Степанов не успел ответить, потому что появился Подрез и сообщил, что машина пришла. Двое милиционеров надели на Степанова наручники – таков порядок перевозки особо опасных преступников, – приняли его у тюремного конвоя, и мы уселись в «рафик». Понятые уже дожидались нас в машине.
– Мы в прокуратуру? – не выдержал неизвестности Степанов.
– Нет, мы едем на место преступления, я хочу, чтобы вы сами мне обсказали и показали, что как было…
– Так я все равно ничего нового не расскажу, – мучительно улыбнулся Степанов.
– Кто его знает, – пожал я плечами. – Может, не расскажете, а вдруг на месте нахлынут волнующие воспоминания, вы мне и поведаете, что к чему.
– Это уж вряд ли, – уверил меня Степанов и приник к окну. Распахнулись тяжелые тюремные ворота из окованного металлом соснового бруса, и поплыл за окном город, когда-то привычный до надоедливости, а теперь такой прекрасный и далекий, памятный каждым закоулком и почти совсем забытый из-за высокой темно-красной кирпичной стены.

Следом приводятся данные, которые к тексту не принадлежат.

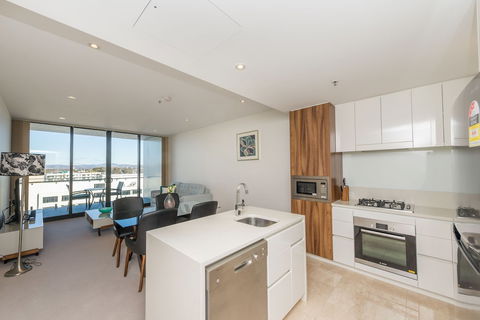 Accommodate Canberra - Manhattan - Accommodation Noosa 5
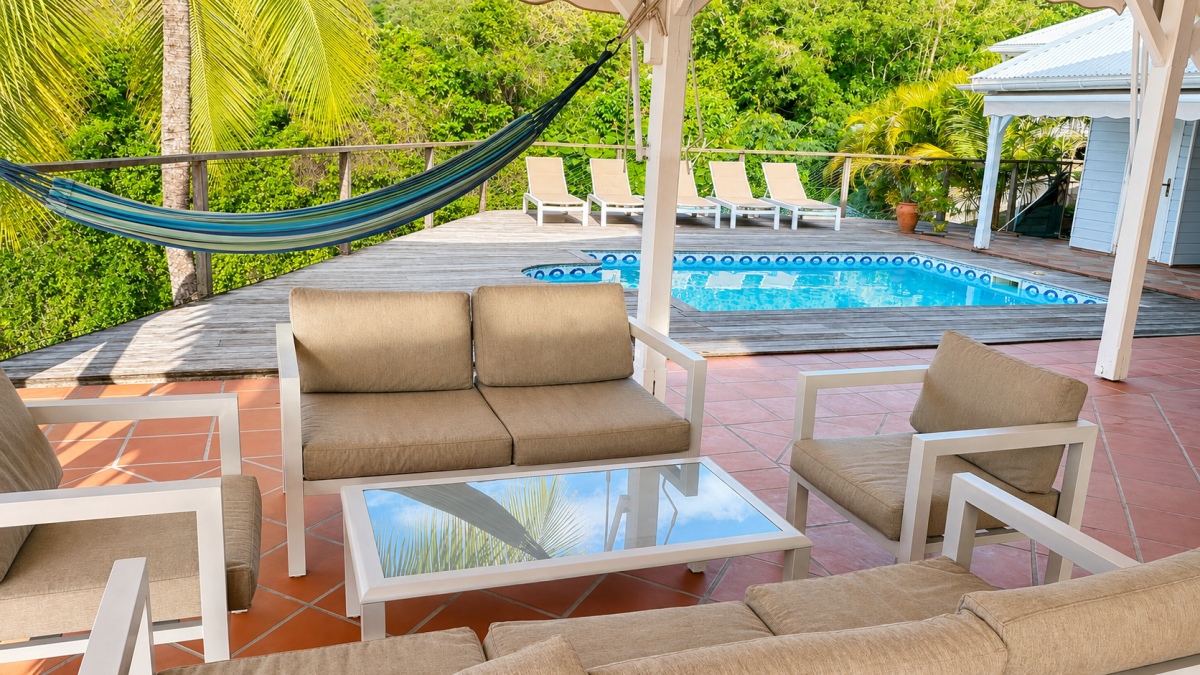location-villa-famille-piscine-jardin-Tartane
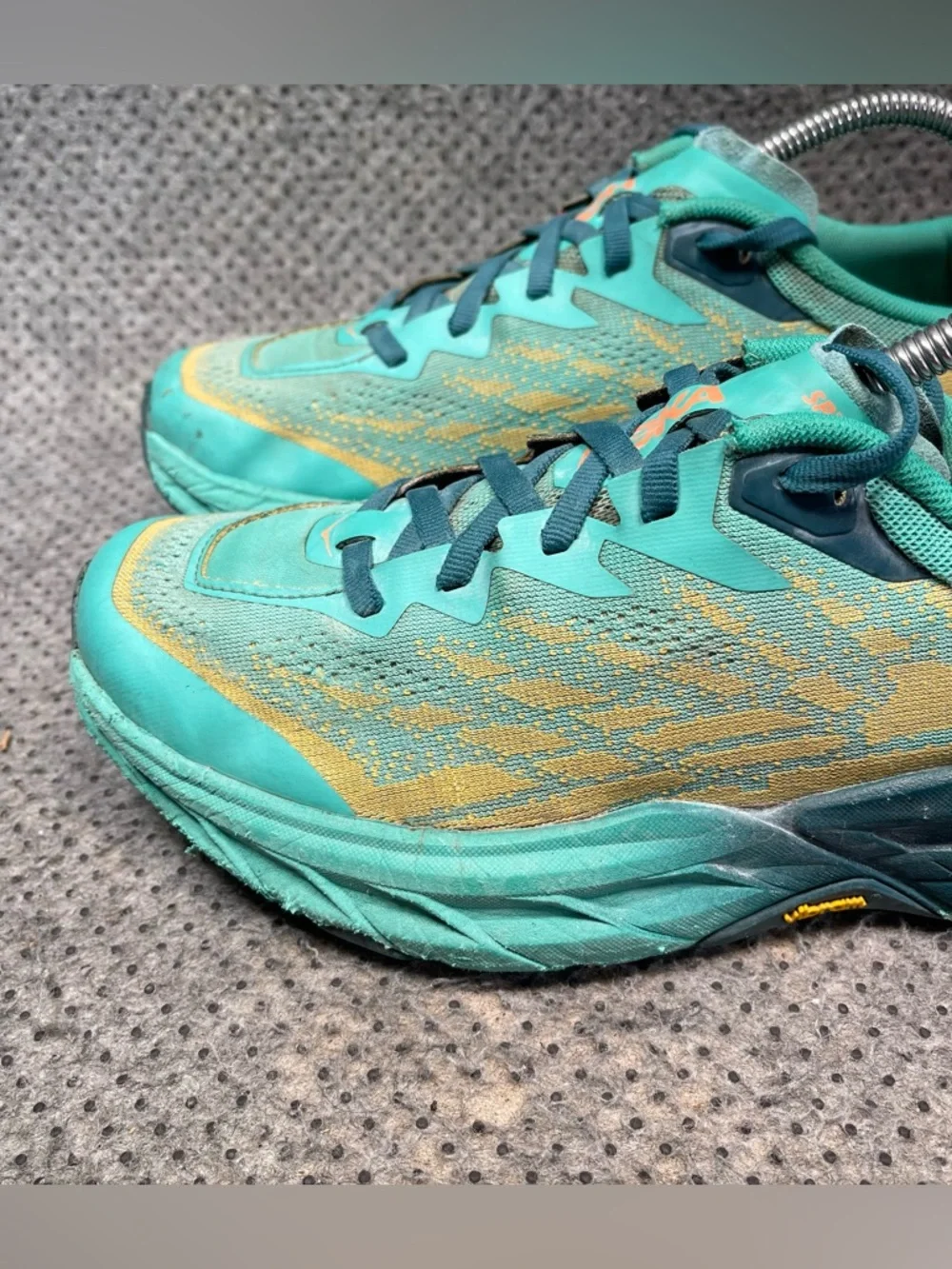 Hoka One One Speedgoat 5 Blue Running Shoes No Insoles Size 8.5 Women’s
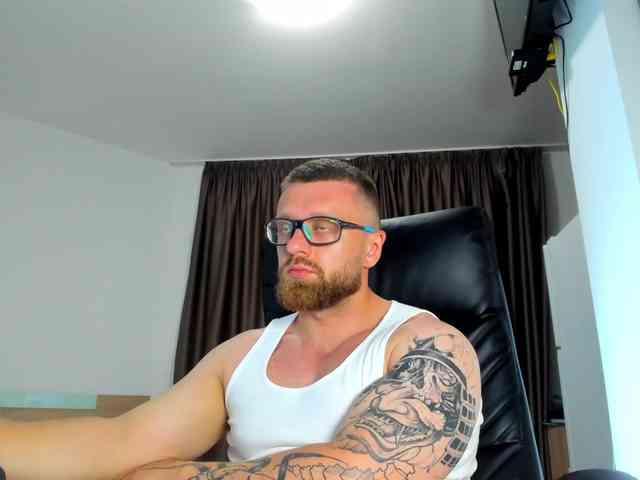 iFindomguy Sex Cam Show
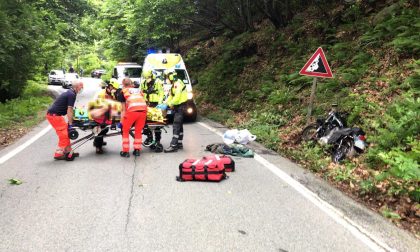 Perde il controllo della moto e cade sulla provinciale di Alpette, centauro elitrasportato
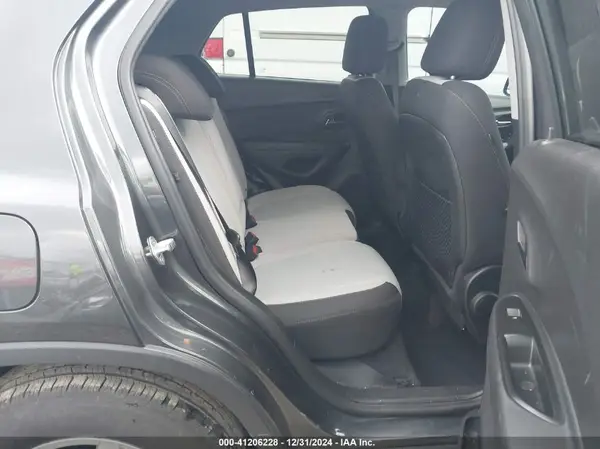 3GNCJKSB3LL185308 2020 CHEVROLET TRAX - Image 8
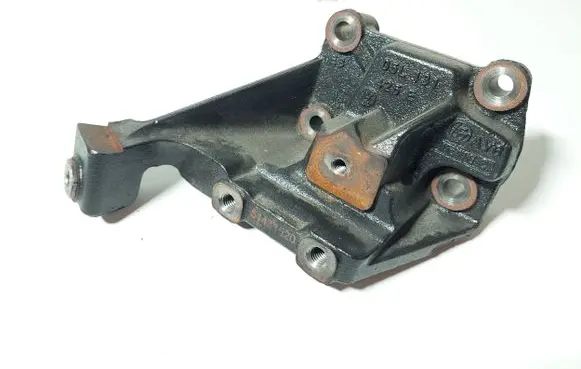 Audi A6 S6 C8 4K Engine mounting bracket 05L131425E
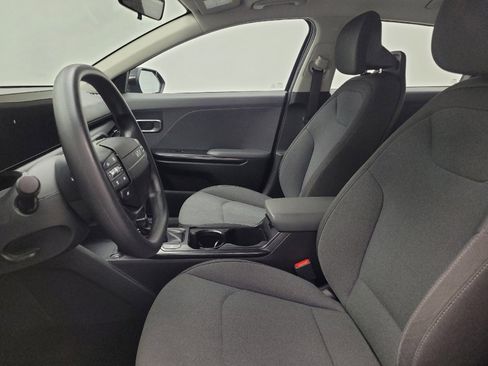 Used 2025 Kia K4 FWD image 17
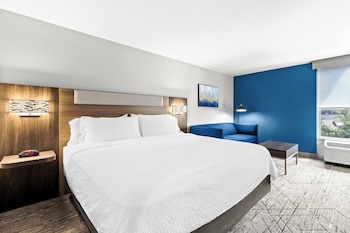 Standard Room, 1 King Bed, Accessible (Communications, Mobility, Access Tub)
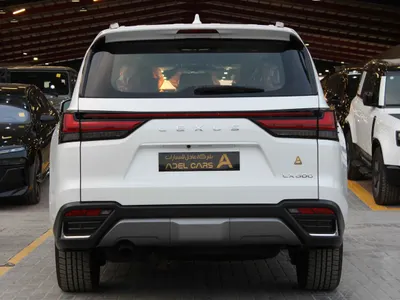 2025 لكزس إل إكس 600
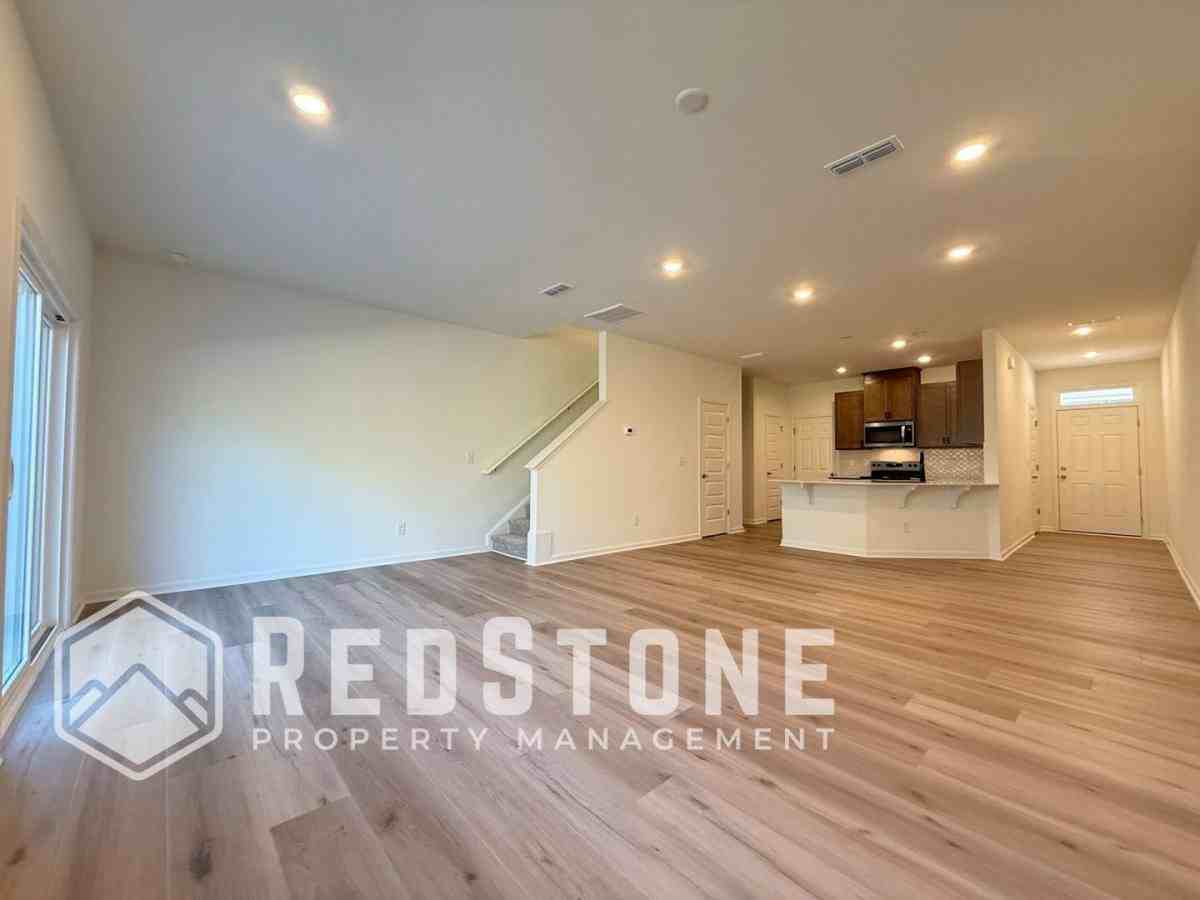 194 Parker Ln - Photo 4 of 10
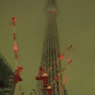 闇の中の赤と白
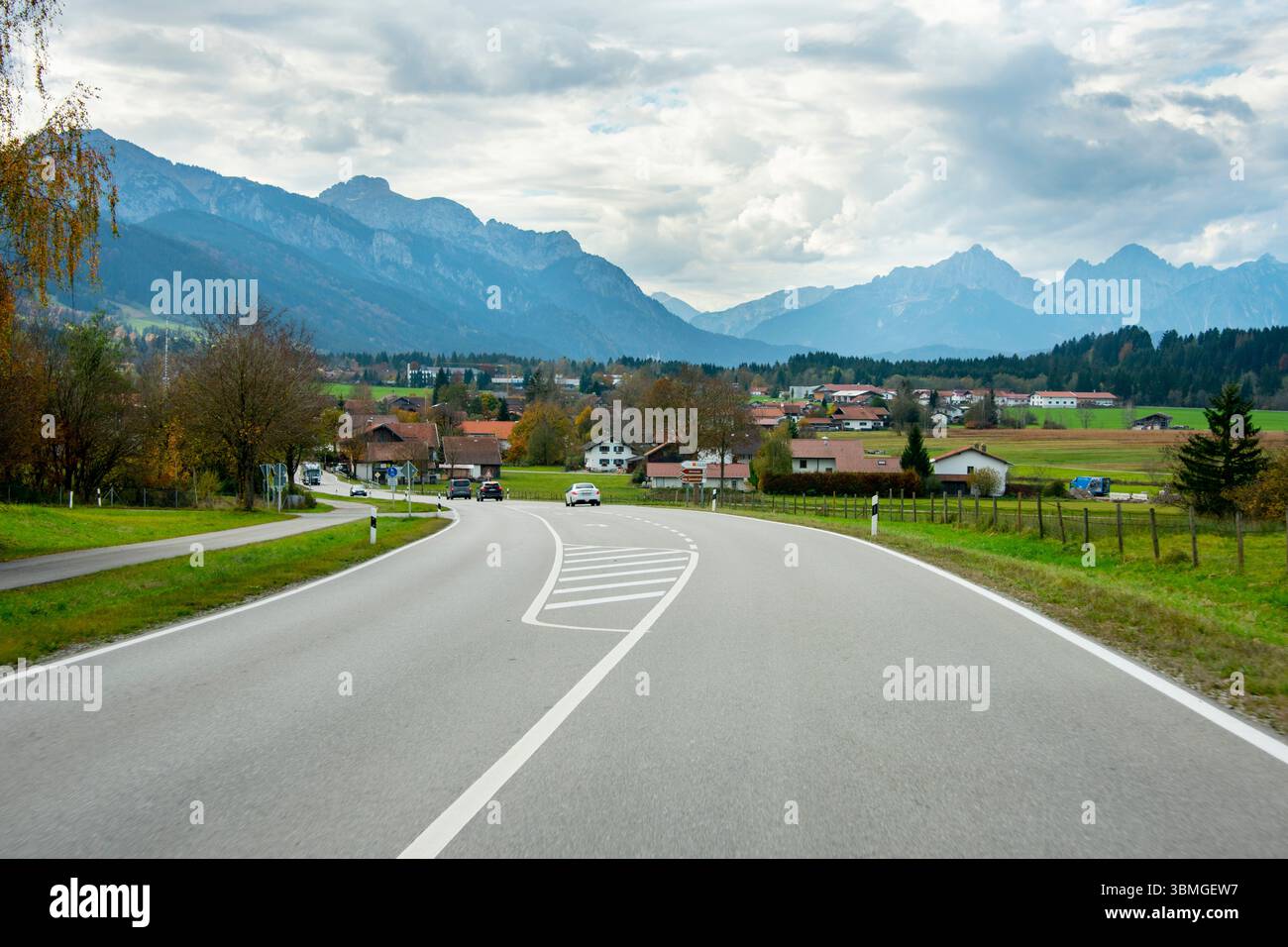 Autostrada federale tedesca 17 (Bundesstrae) in Baviera Foto Stock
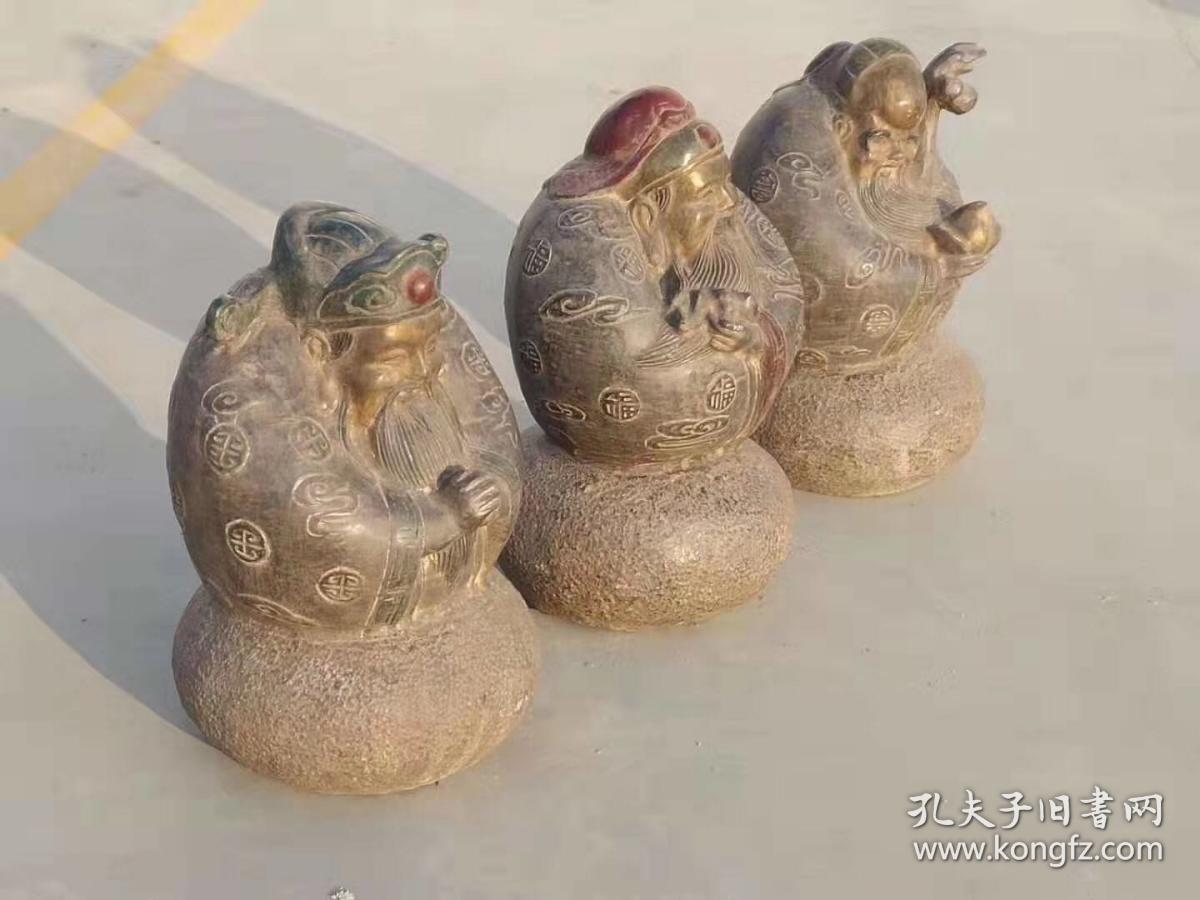 福禄寿喜
材质~青石描金彩绘
一石整雕，厅堂雅设，复古装饰必备……待结缘……tlg邮费自理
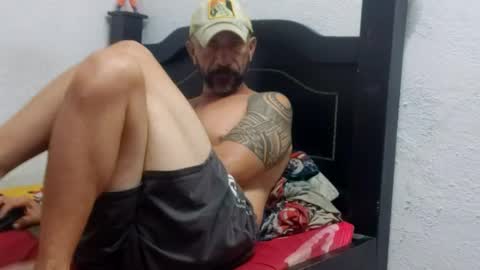 Snapshot of john_balthor chatting on February 20, 2:07 am online show from February 20, 2:07 am
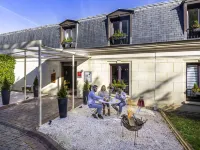 Novotel Domaine de Maffliers - Demeures de Campagne Các khách sạn gần Chateau de Conti
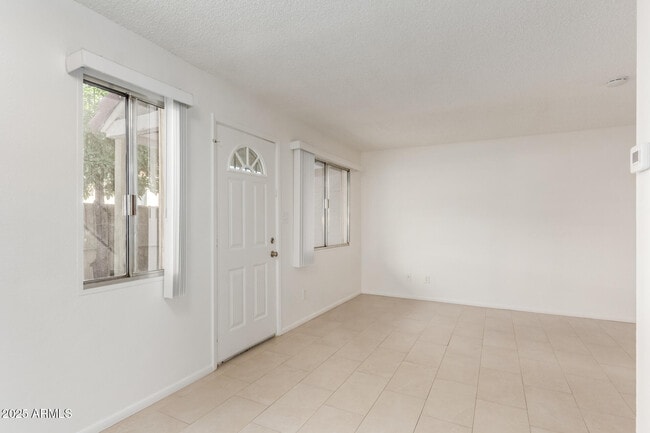 Building Photo - 4764 W Palo Verde Dr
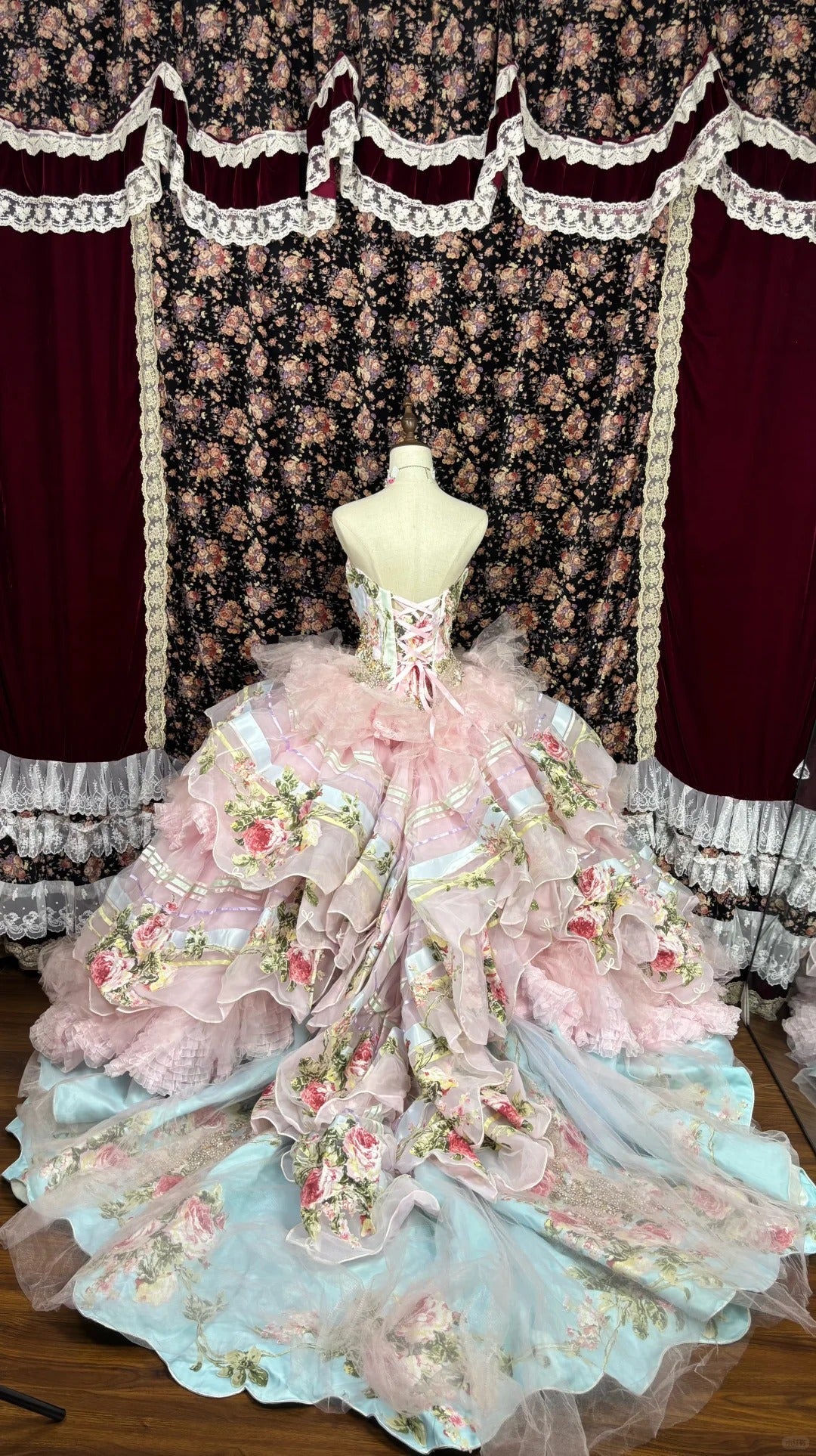 Vintage Pink Strapless Printed Layered Tulle Lace Trim Puffy Wedding Dress P2968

– Хотите закурить? – предложил я немного погодя. Милиционеры недовольно покосились на меня, но промолчали, а Степанов быстро ответил:
– Да-да, спасибо большое… С удовольствием.
Только первые затяжки он сделал с наслаждением, а потом вроде бы и забыл о сигарете, о чем-то все время напряженно думал. А я не трогал его.
Когда появился первый рекламный щит, сооруженный развеселым шашлычником Ахметом, я спросил Степанова:
– В прошлом году вам за «левую» ездку объявили строгий выговор, а вскоре сняли. Что там произошло у вас?
– «Левая» ездка! – усмехнулся он. – Это вам Мандрыкин сказал? Пустой человек, трусишка и врун. Хорошо хоть не злой…
– За что же вам этот незлой трусишка объявил и снял выговор?
– Так я же говорю – потому что трусишка! Я как попер тогда в райком, он сразу усек, что с него самого могут снять штаны за это дело… Автобаза ведь отчиталась, что весь металлолом сдан.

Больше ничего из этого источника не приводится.